Thesis Type: Postgraduate
Institution Of The Thesis: Middle East Technical University, Turkey
Approval Date: 2015
Thesis Language: English
Student: Halil Ağın
Supervisor: CENGİZ ACARTÜRK
Open Archive Collection: AVESIS Open Access Collection
Abstract:This thesis takes the distributional semantics (frequency-based semantics) approach as the theoretical framework to quantify textual coherence. Distributional semantics describes discourse sections as vectors, having dimensions are the frequency count of co-occurring words in the text within its semantic space. It quantifies the textual coherence by measuring the cosine values of vectors of successive sentences (cf. Latent Semantic Analysis, LSA). The common assumption underlying LSA based studies is that the frequency of word co-occurrence can be used as a cohesive cue to quantify textual coherence, thus leading to analyses based on a term-document matrix. In this thesis, the spatial distance of co-occurring words is considered as a new frequency event of cohesive cues and introduces a document-distance matrix, which is derived from the term-document matrix.
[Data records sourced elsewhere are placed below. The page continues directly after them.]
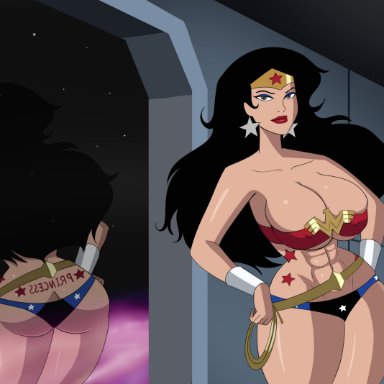 1girls, annon, bimbo, breasts, cleavage, dc, dc comics, dcau, diana prince, earrings, eyeshadow, gauntlets, huge breasts, justice league, lipstick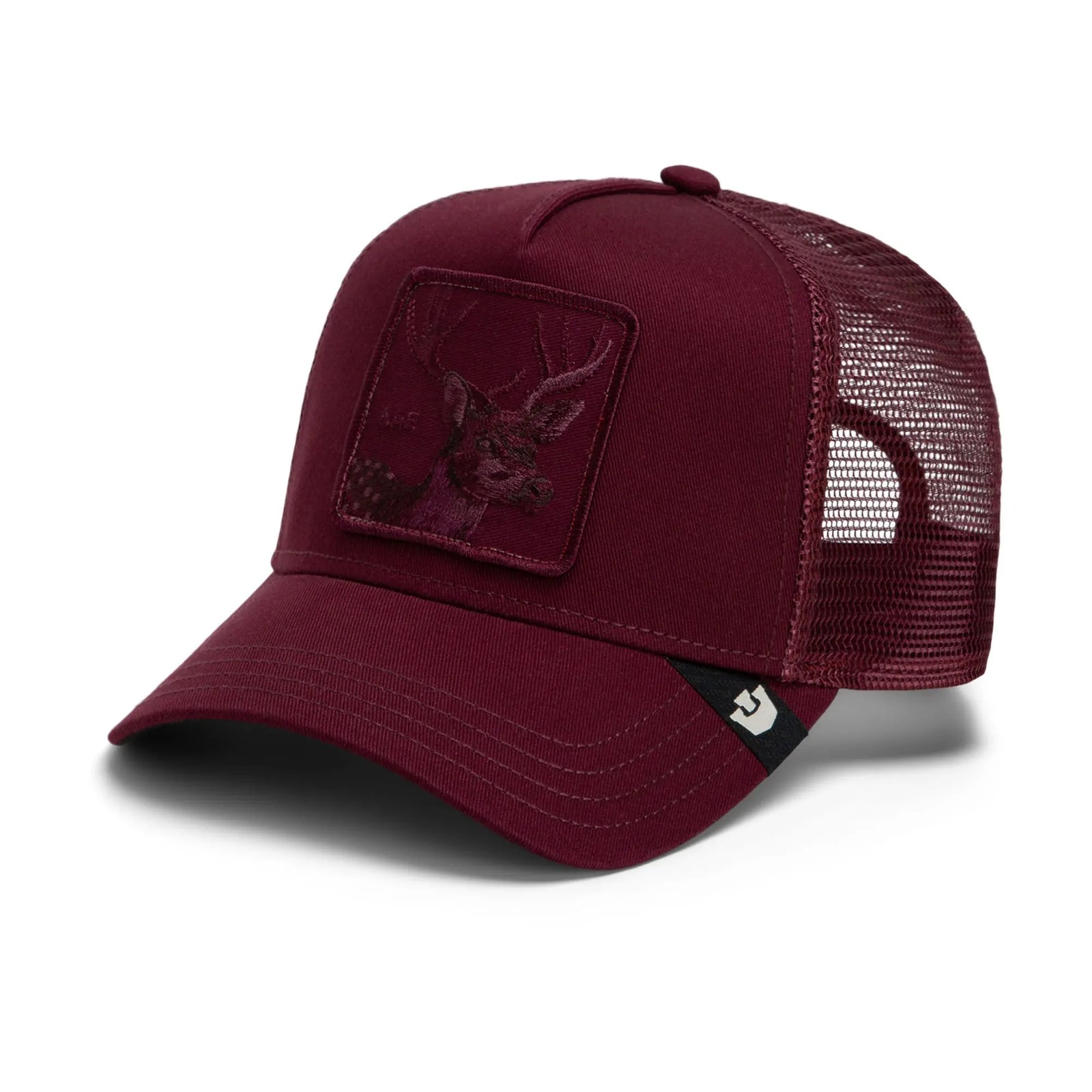 Burgundy tonal trucker hat featuring an embroidered deer patch on the front panel and matching mesh back.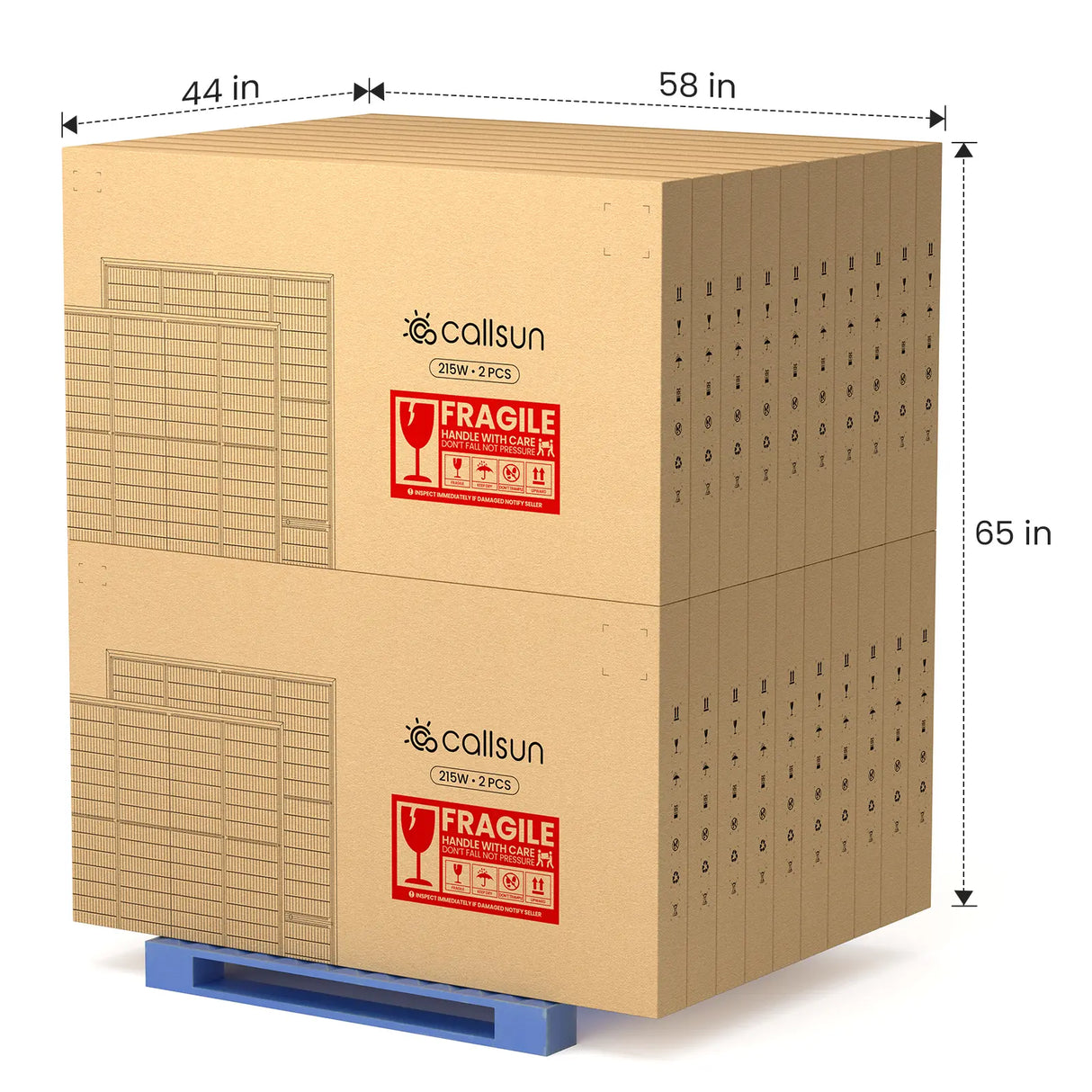 Pallet of Callsun 215W N-type anti-shade bifacial solar panel 2-pack boxes on white background, showing 58x44x65 inches shipping size.
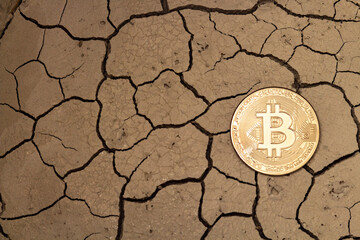 Golden bitcoin in the form of a coin lies on dry ground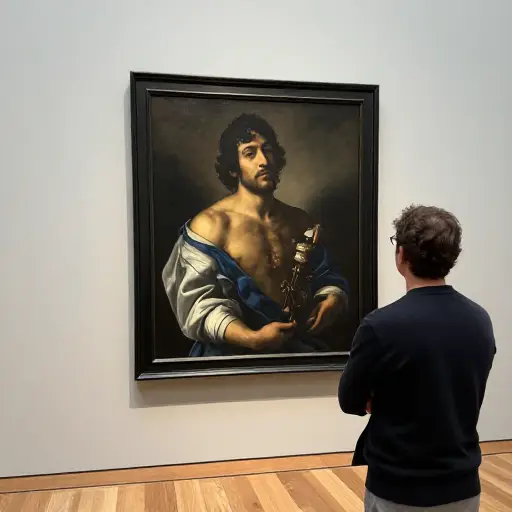 我在画廊看到了一幅卡拉瓦乔的美丽画作。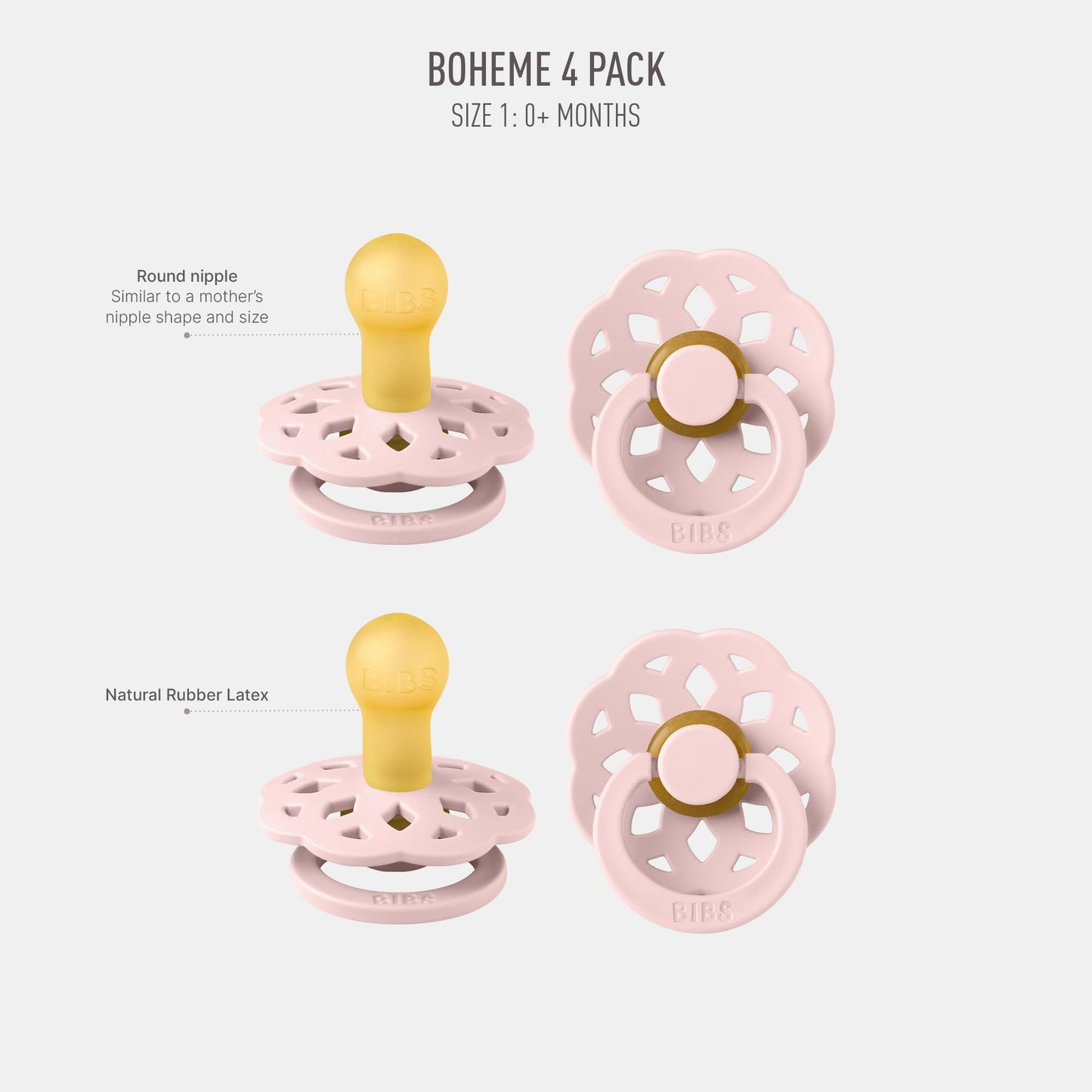BIBS Boheme Schnuller 4er-Pack. BPA-frei, Kirschform Nippel. Naturkautschuk/Latex, Hergestellt in Dänemark. Größe 1/2, (0-6 Monate/6-18 Monate), (4er Pack), Vanilla Mix - Meloni2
This thesis proposes that the matrix representation of document-distance (a derivation of term-document matrix) of co-occurring words in adjacent sentences in a text can be used to quantify textual coherence. Two mathematical functions are suggested for deriving the document-distance matrix and two algorithms for the operations. The mathematical functions operate on the documentdocument matrix (a derivation of term-document matrix) to derive the documentdistance matrix. The algorithms measure the coherence of text by operating on the newly introduced document-distance matrices.